Ho letto le interessanti dichiarazioni sulla cultura italiana del Seicento, rilasciate al «Ponte» (7.3.2004) dal prof. Andrea Emiliani. Il quale dice che, nella valutazione di quel secolo, «pesa la condanna di Benedetto Croce». Ho fatto, come suol dirsi, una botta di conti, partendo da ricordi personali: quarant'anni e più fa per prepararci all'esame di Letteratura italiana, trovavamo ancora in una classica antologia ad uso universitario un brano sferzante di don Benedetto tratto dai «Saggi sulla letteratura italiana del Seicento», la cui prima edizione è del 1911.
Quarant'anni fa leggevamo però i brani crociani non tanto per aderire al suo pensiero interpretativo, quanto per comprenderne i limiti nella valutazione della poesia in generale ed in quella barocca in particolare. Per cui il discorso del prof. Emiliani risulta abbondantemente datato, se già a noi (quarant'anni fa) spiegavano quello che lui detta oggi nel 2004.
Non sarebbe il caso di lasciar stare Benedetto Croce, e fare l'elenco delle nostre pigrizie che non ci hanno permesso di andare oltre, e di lasciar stare (anzi piantare) il chiodo fisso che, per colpa del celebre filosofo, il mondo si era fermato?
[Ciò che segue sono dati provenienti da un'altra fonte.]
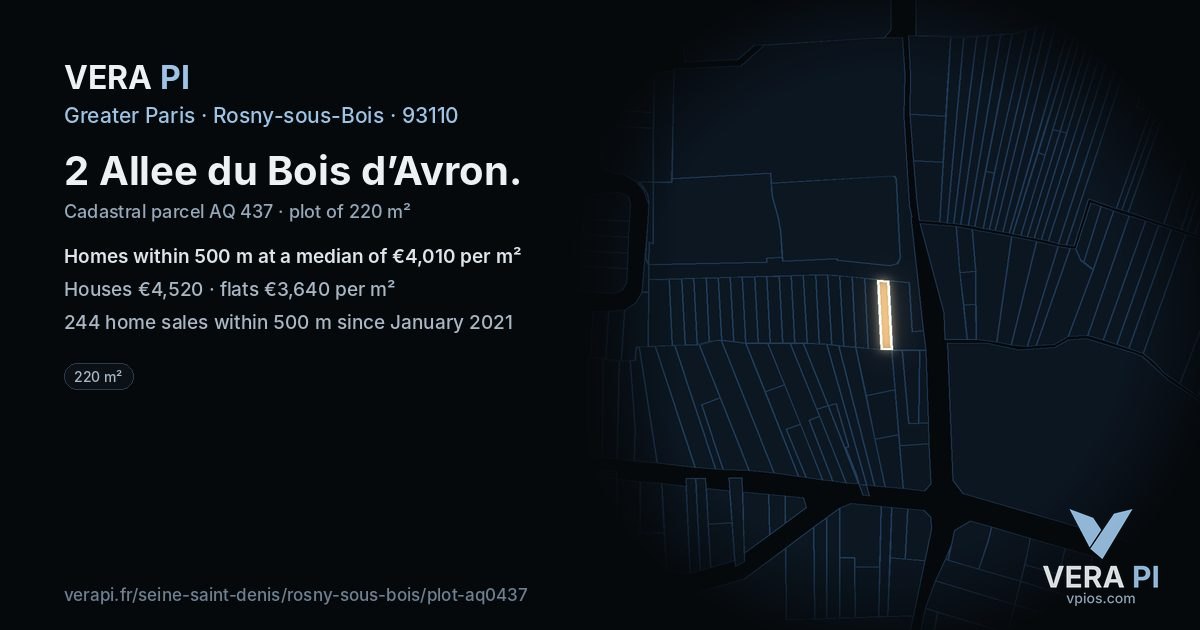 2 Allee du Bois d’Avron, Rosny-sous-Bois at night – the plot lit, the parcels around coloured by the prices near them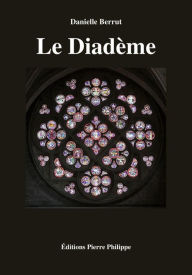 Title: Le Diadème, Author: Danielle Berrut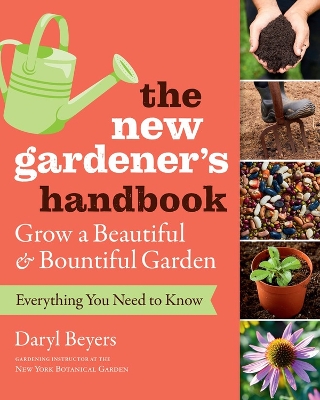 Book cover for New Gardener's Handbook: Everything You Need to Know to Grow a Beautiful and Bountiful Garden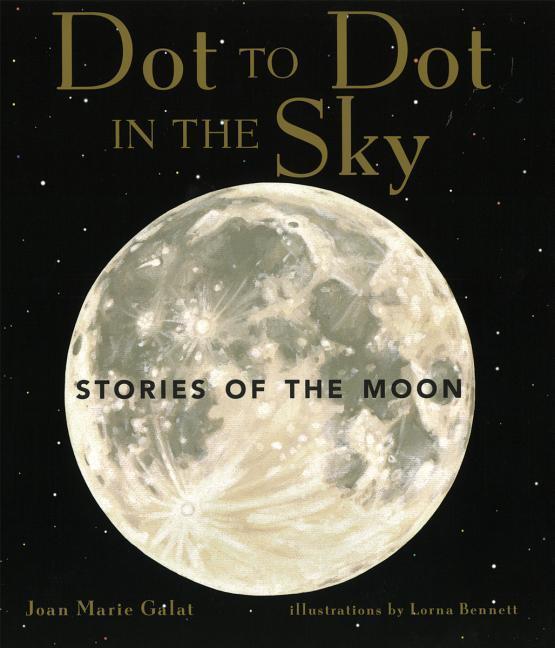 Dot to Dot in the Sky (Stories of the Moon)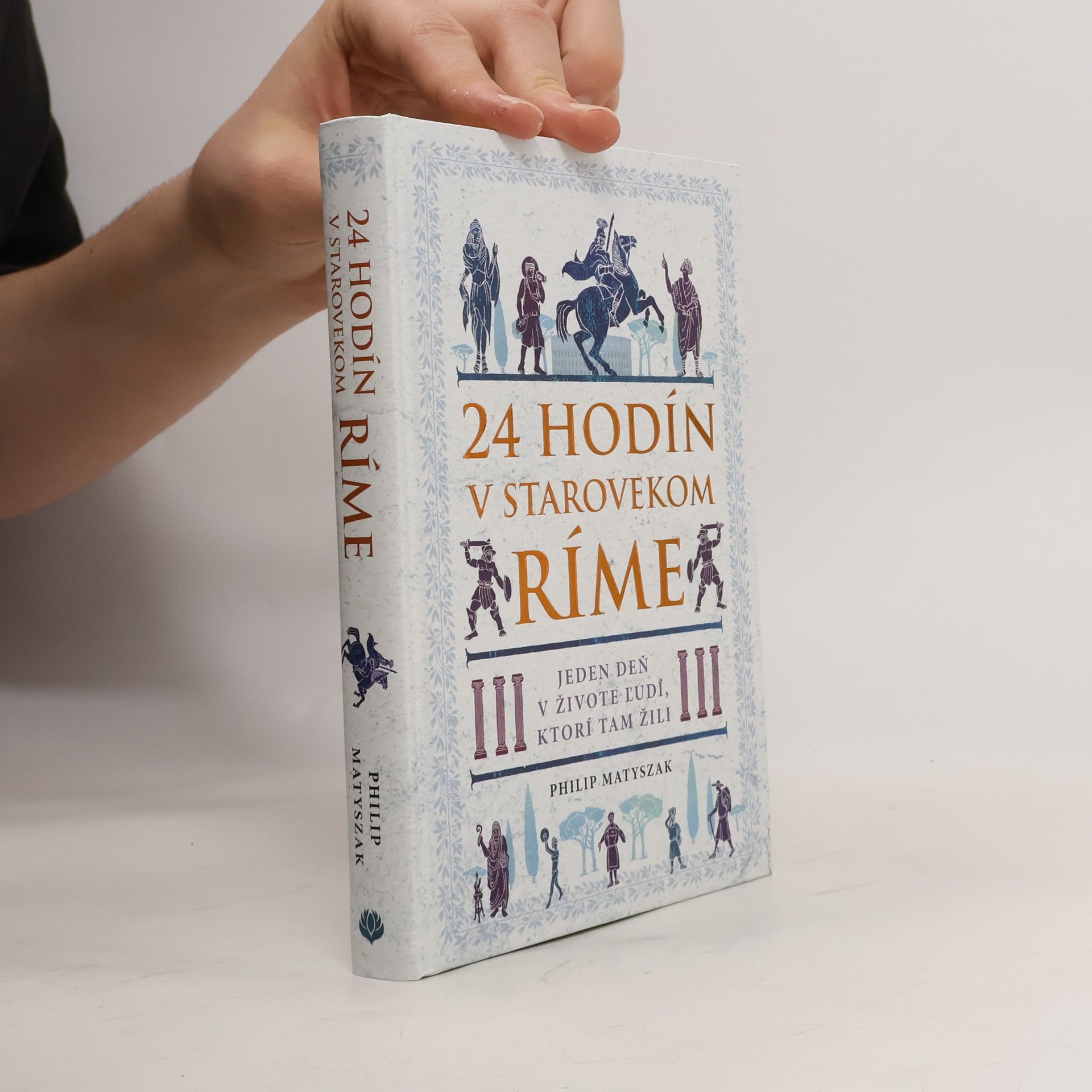 Philip Matyszak 24 hodín v starovekom Ríme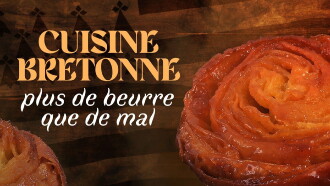 Cuisine bretonne, plus de beurre que de mal Trailer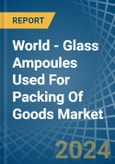 World - Glass Ampoules Used For Packing Of Goods - Market Analysis, Forecast, Size, Trends and Insights- Product Image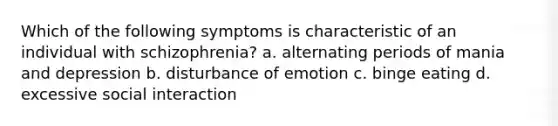 Which of the following symptoms is characteristic of an individual with schizophrenia? a. alternating periods of mania and depression b. disturbance of emotion c. binge eating d. excessive social interaction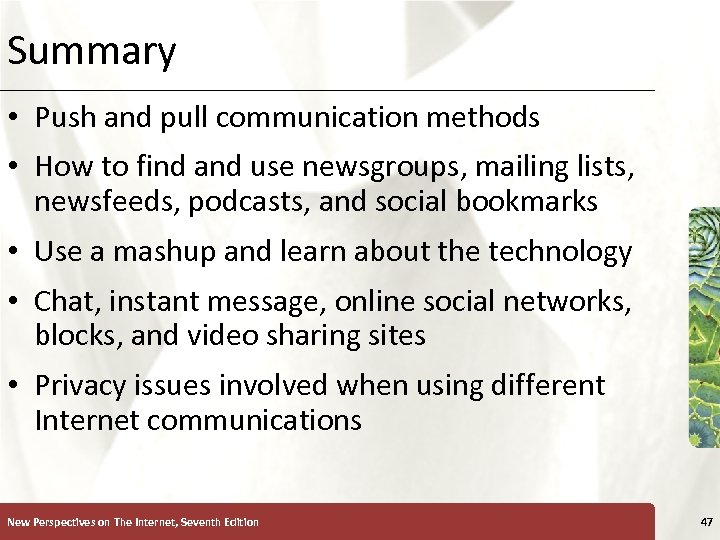 Summary XP • Push and pull communication methods • How to find and use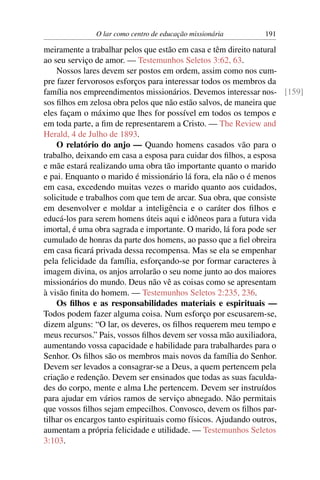 O lar como centro de educação missionária     191

meiramente a trabalhar pelos que estão em casa e têm direito natural
ao seu serviço de amor. — Testemunhos Seletos 3:62, 63.
    Nossos lares devem ser postos em ordem, assim como nos cum-
pre fazer fervorosos esforços para interessar todos os membros da
família nos empreendimentos missionários. Devemos interessar nos- [159]
sos ﬁlhos em zelosa obra pelos que não estão salvos, de maneira que
eles façam o máximo que lhes for possível em todos os tempos e
em toda parte, a ﬁm de representarem a Cristo. — The Review and
Herald, 4 de Julho de 1893.
    O relatório do anjo — Quando homens casados vão para o
trabalho, deixando em casa a esposa para cuidar dos ﬁlhos, a esposa
e mãe estará realizando uma obra tão importante quanto o marido
e pai. Enquanto o marido é missionário lá fora, ela não o é menos
em casa, excedendo muitas vezes o marido quanto aos cuidados,
solicitude e trabalhos com que tem de arcar. Sua obra, que consiste
em desenvolver e moldar a inteligência e o caráter dos ﬁlhos e
educá-los para serem homens úteis aqui e idôneos para a futura vida
imortal, é uma obra sagrada e importante. O marido, lá fora pode ser
cumulado de honras da parte dos homens, ao passo que a ﬁel obreira
em casa ﬁcará privada dessa recompensa. Mas se ela se empenhar
pela felicidade da família, esforçando-se por formar caracteres à
imagem divina, os anjos arrolarão o seu nome junto ao dos maiores
missionários do mundo. Deus não vê as coisas como se apresentam
à visão ﬁnita do homem. — Testemunhos Seletos 2:235, 236.
    Os ﬁlhos e as responsabilidades materiais e espirituais —
Todos podem fazer alguma coisa. Num esforço por escusarem-se,
dizem alguns: “O lar, os deveres, os ﬁlhos requerem meu tempo e
meus recursos.” Pais, vossos ﬁlhos devem ser vossa mão auxiliadora,
aumentando vossa capacidade e habilidade para trabalhardes para o
Senhor. Os ﬁlhos são os membros mais novos da família do Senhor.
Devem ser levados a consagrar-se a Deus, a quem pertencem pela
criação e redenção. Devem ser ensinados que todas as suas faculda-
des do corpo, mente e alma Lhe pertencem. Devem ser instruídos
para ajudar em vários ramos de serviço abnegado. Não permitais
que vossos ﬁlhos sejam empecilhos. Convosco, devem os ﬁlhos par-
tilhar os encargos tanto espirituais como físicos. Ajudando outros,
aumentam a própria felicidade e utilidade. — Testemunhos Seletos
3:103.
 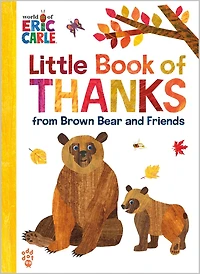 Little Book of Thanks from Brown Bear and Friends (World Eric Carle): The Perfect Way to Say "Thank You" Gift for Thanksgiving!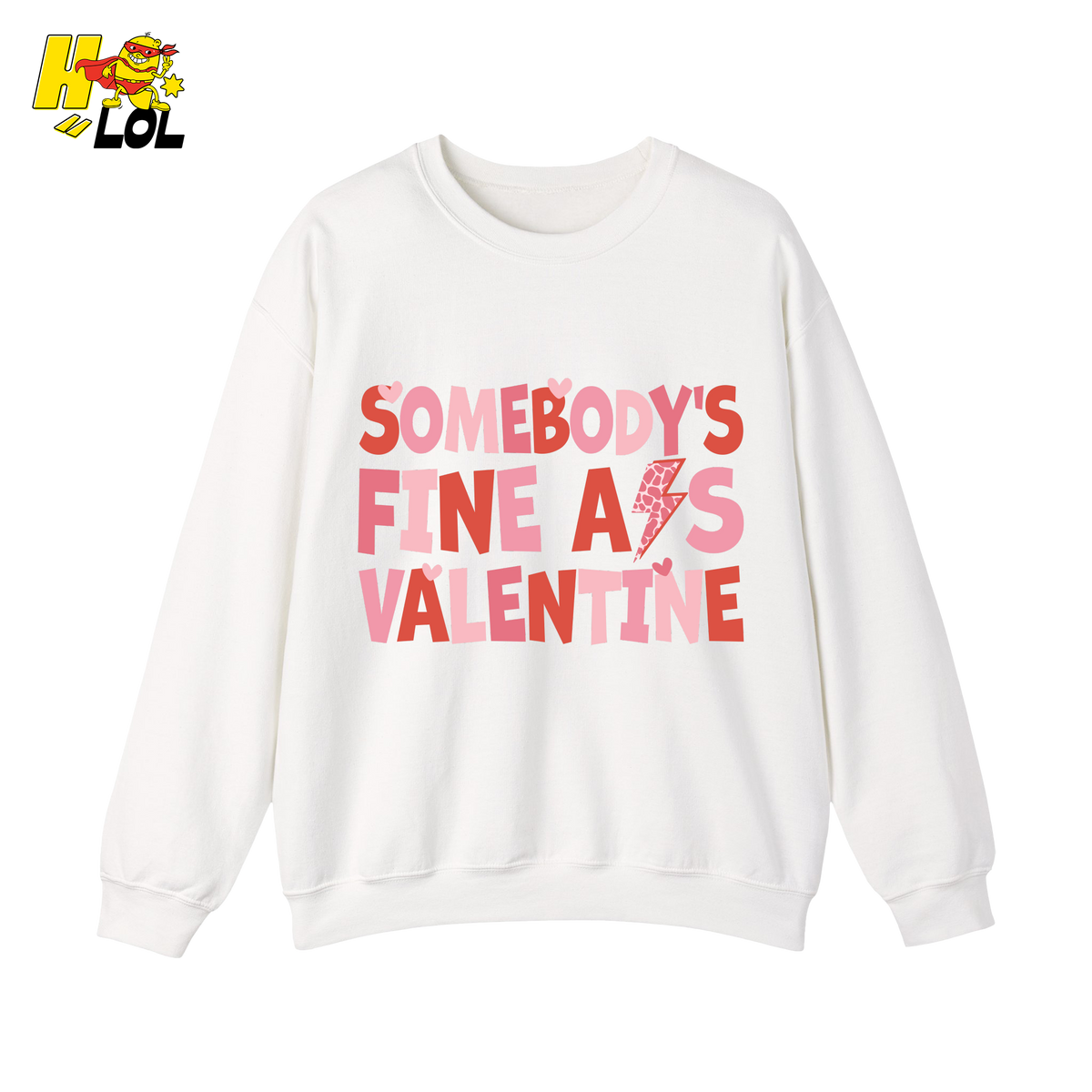 Somebody's Fine Ass Valentine Sweatshirt Gift for Girlfriend - HQLOL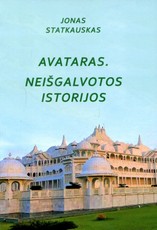 Avataras. Neišgalvotos istorijos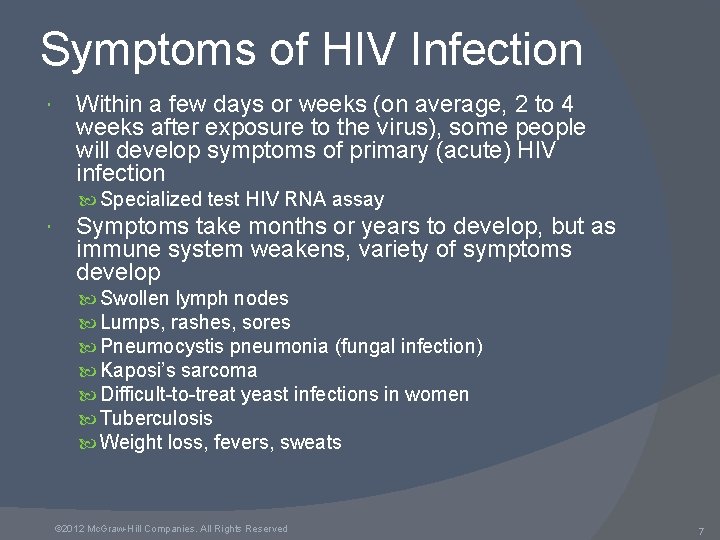 Symptoms of HIV Infection Within a few days or weeks (on average, 2 to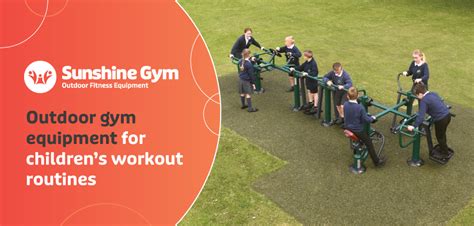 Choosing the best outdoor gym equipment for children | Sunshine Gym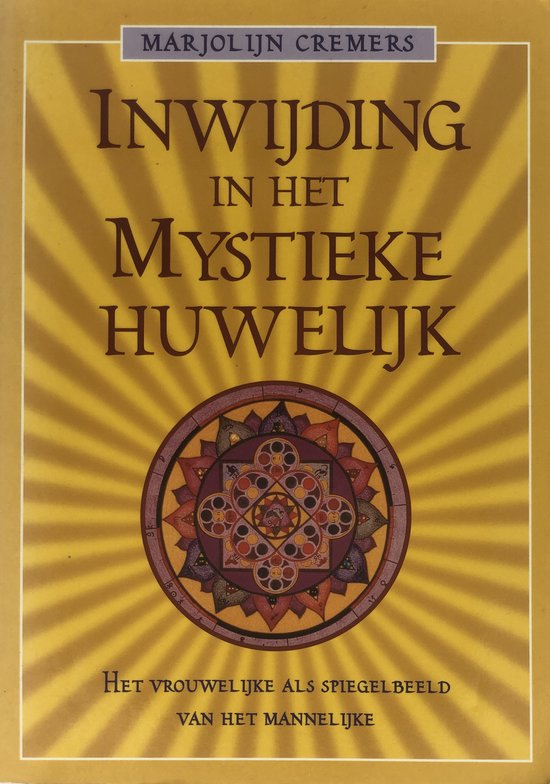 Inwijding In Het Mystieke Huwelijk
Il mondo è andato avanti, anche nell'interpretazione del Seicento, e forse non ce ne siamo accorti.
Riporto da un recente libro di Ezio Raimondi («Barocco moderno. Roberto Longhi e Carlo Emilio Gadda», B. Mondadori, 2003): «Con i primi del Novecento, cominciava una nuova ricognizione da parte dei critici e degli storici, con l'intento di esplorare un paesaggio per molta parte ignorato» (pag. 5).